Show each line in the listing below that contains the word "qspictures".

*LISTED RECORDS*
'''

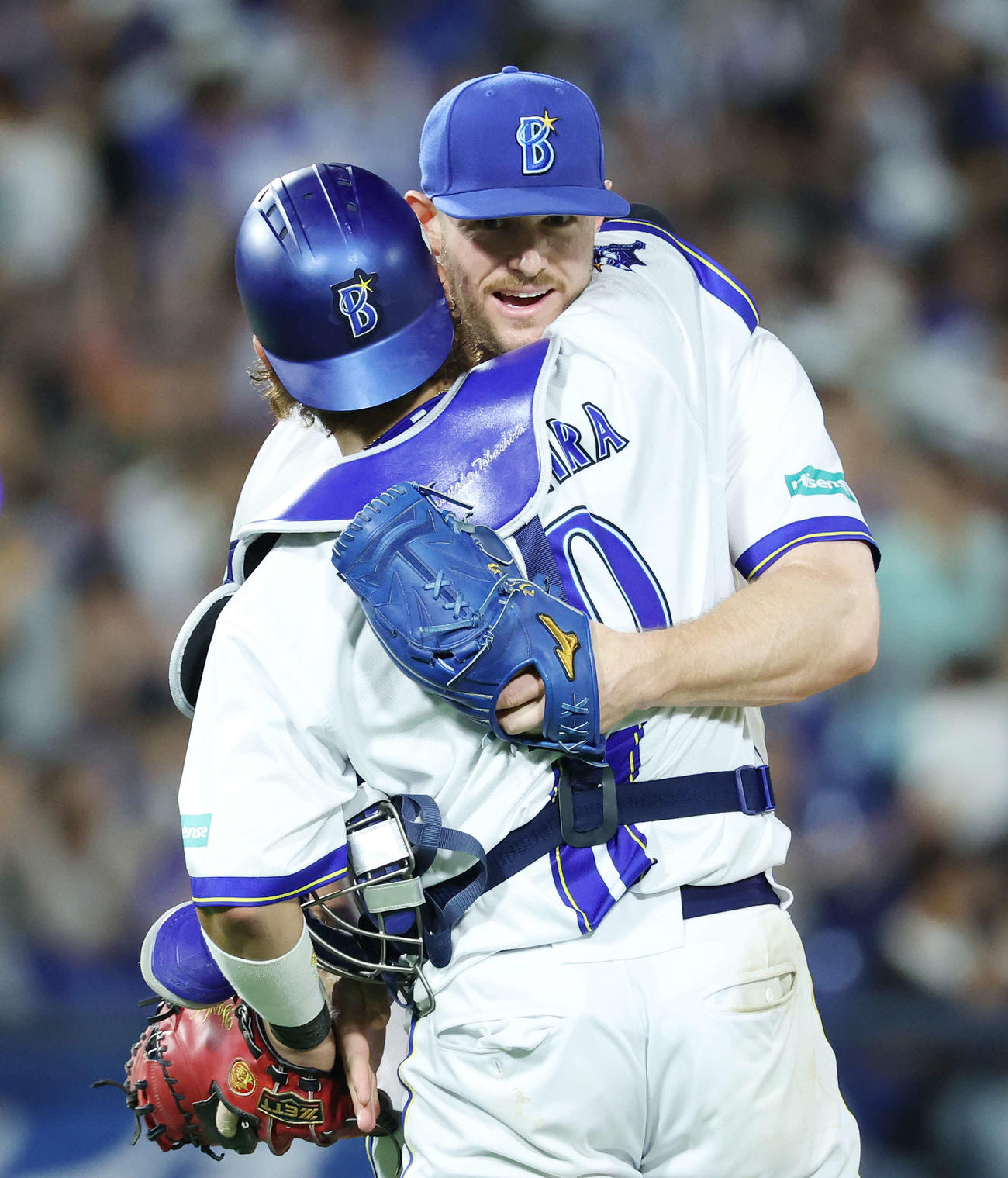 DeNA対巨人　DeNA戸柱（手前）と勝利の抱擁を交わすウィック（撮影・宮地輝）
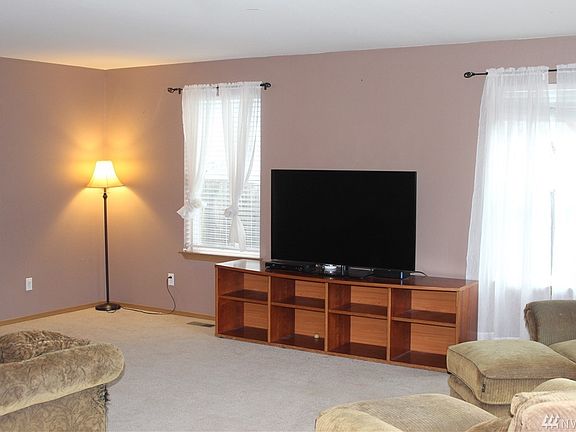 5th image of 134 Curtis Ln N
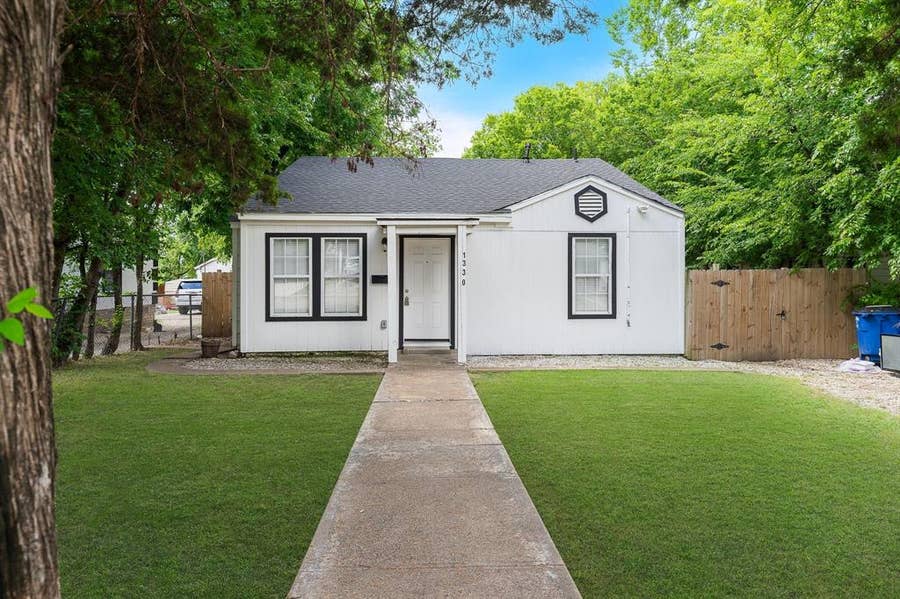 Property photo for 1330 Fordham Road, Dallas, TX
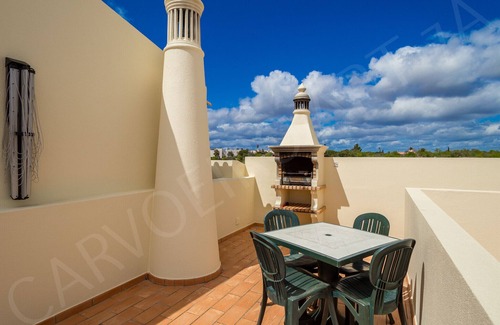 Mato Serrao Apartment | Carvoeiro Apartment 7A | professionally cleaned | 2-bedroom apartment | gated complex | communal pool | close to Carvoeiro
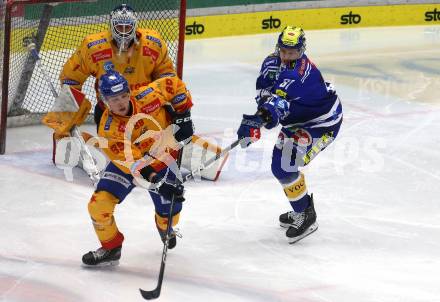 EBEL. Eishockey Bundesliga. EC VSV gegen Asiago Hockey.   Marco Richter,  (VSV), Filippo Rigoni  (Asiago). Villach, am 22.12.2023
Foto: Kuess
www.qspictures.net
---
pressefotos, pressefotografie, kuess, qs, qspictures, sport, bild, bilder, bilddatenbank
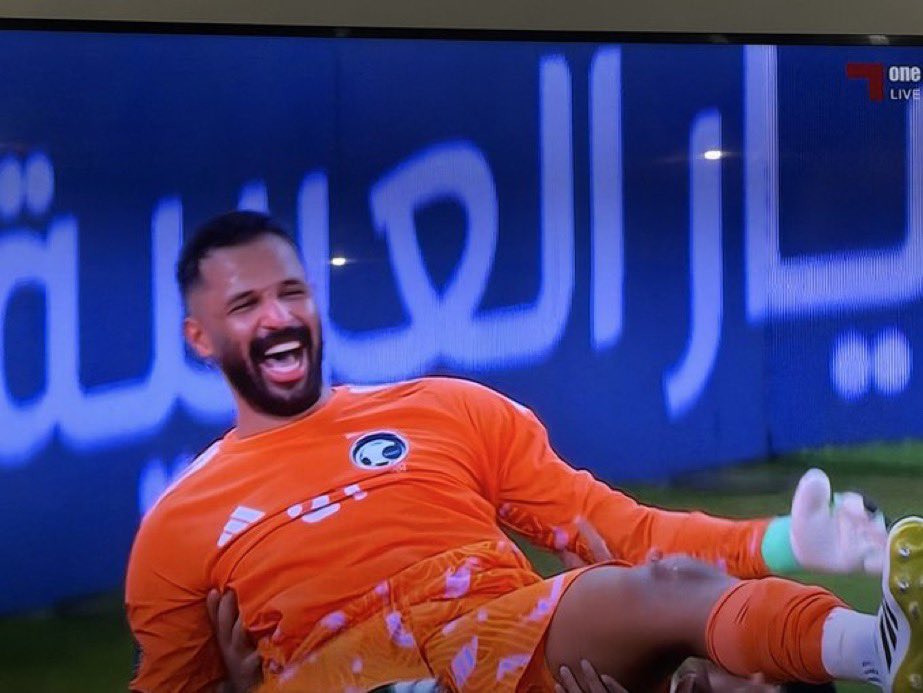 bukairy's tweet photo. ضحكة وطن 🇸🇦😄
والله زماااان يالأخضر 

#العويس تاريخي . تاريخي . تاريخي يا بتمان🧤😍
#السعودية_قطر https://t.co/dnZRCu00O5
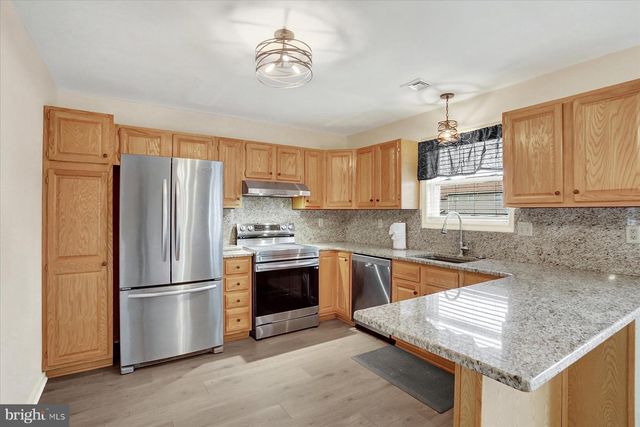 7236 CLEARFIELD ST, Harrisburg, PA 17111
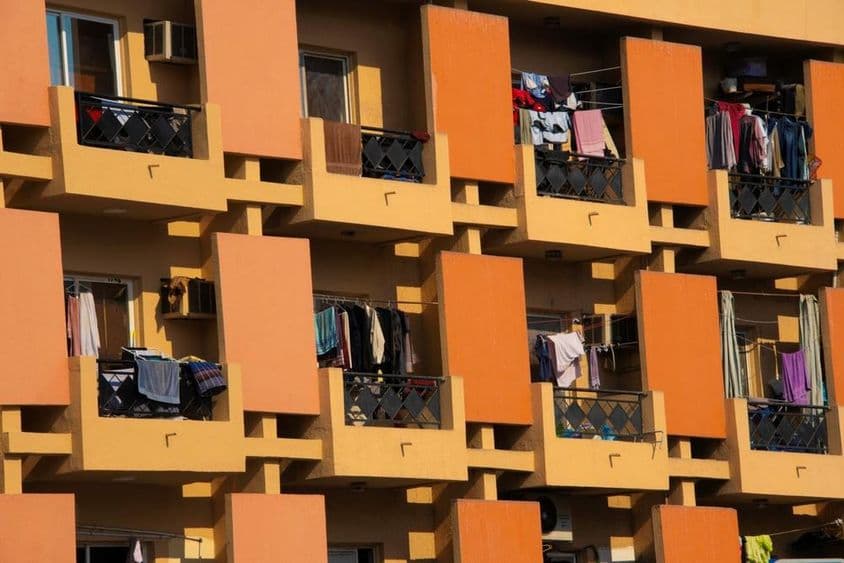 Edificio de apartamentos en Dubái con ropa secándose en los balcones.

'''
'''

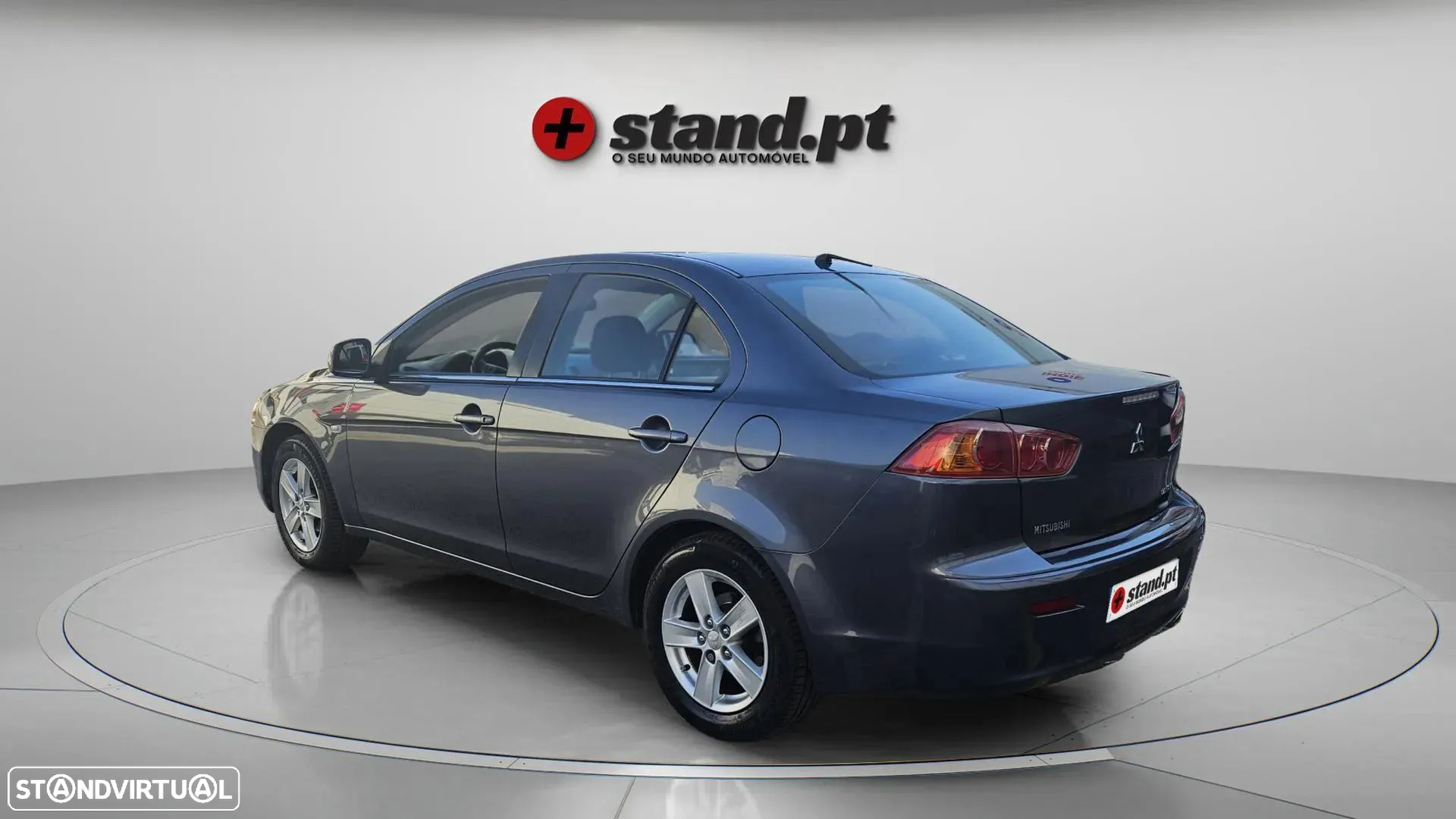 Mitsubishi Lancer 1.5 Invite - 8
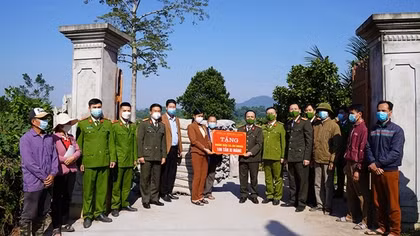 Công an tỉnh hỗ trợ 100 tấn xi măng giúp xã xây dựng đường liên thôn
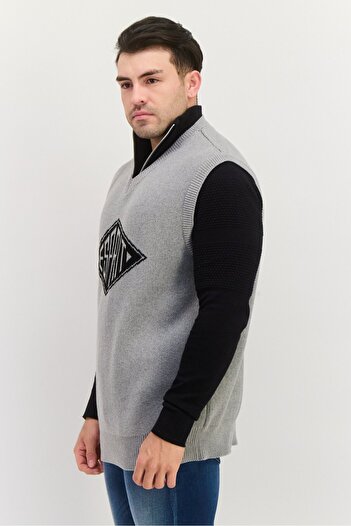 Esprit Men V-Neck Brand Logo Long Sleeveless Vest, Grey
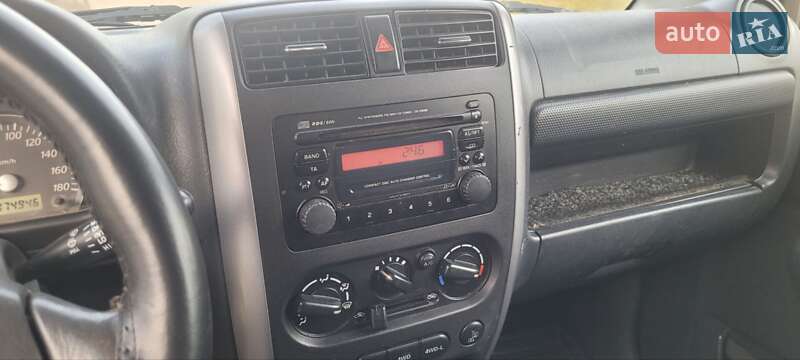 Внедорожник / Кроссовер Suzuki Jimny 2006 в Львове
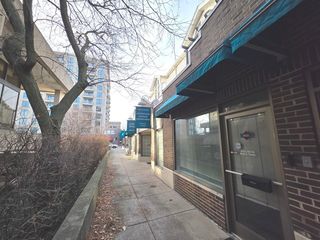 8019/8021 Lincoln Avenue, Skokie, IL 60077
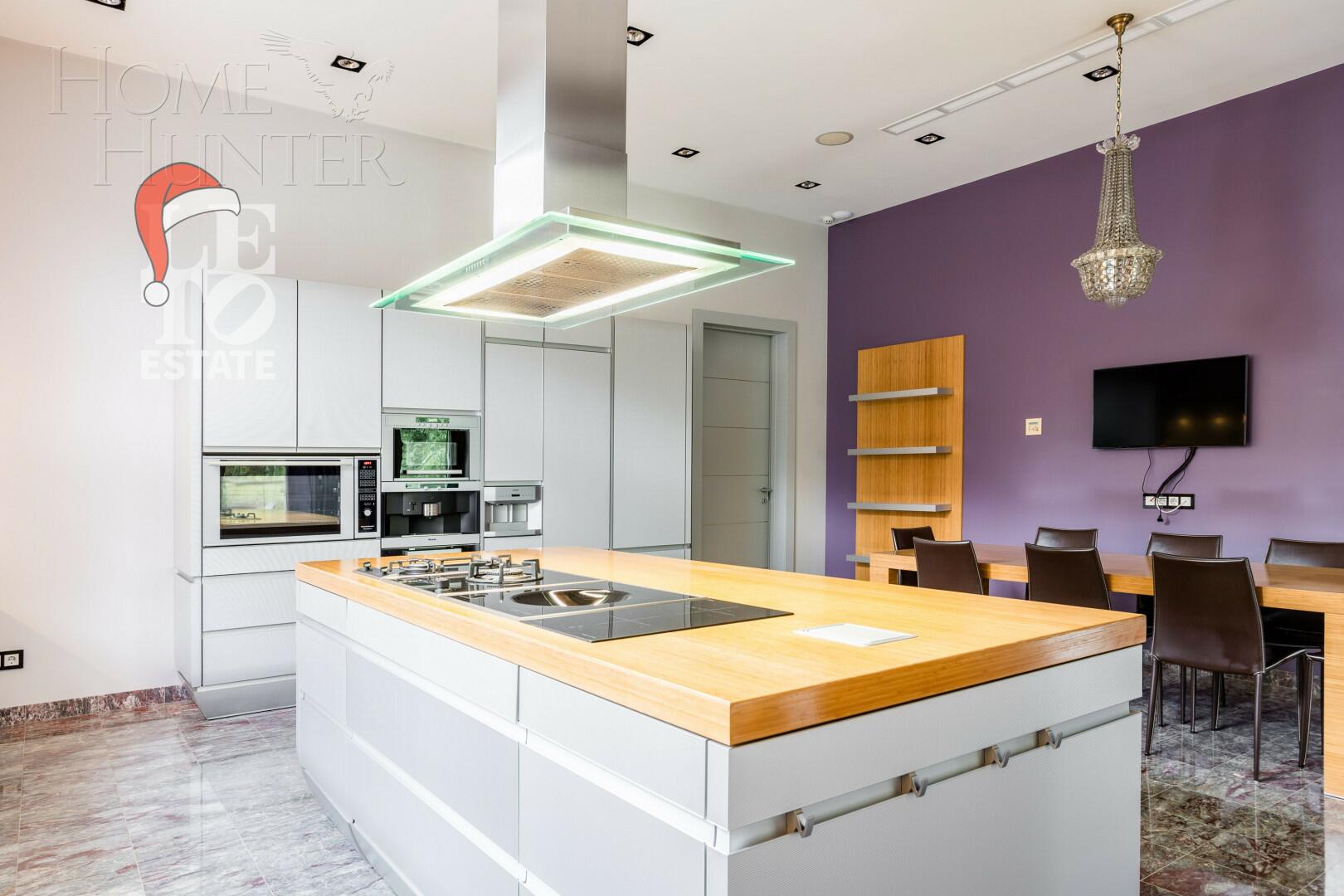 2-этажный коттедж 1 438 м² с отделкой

'''
'''

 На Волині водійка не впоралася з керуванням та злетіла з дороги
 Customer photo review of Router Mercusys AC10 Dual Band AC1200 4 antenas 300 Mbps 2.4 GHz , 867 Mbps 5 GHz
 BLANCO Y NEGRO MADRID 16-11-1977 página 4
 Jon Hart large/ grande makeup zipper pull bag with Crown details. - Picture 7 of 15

'''

*RESULT OF THE TASK*
www.qspictures.net
pressefotos, pressefotografie, kuess, qs, qspictures, sport, bild, bilder, bilddatenbank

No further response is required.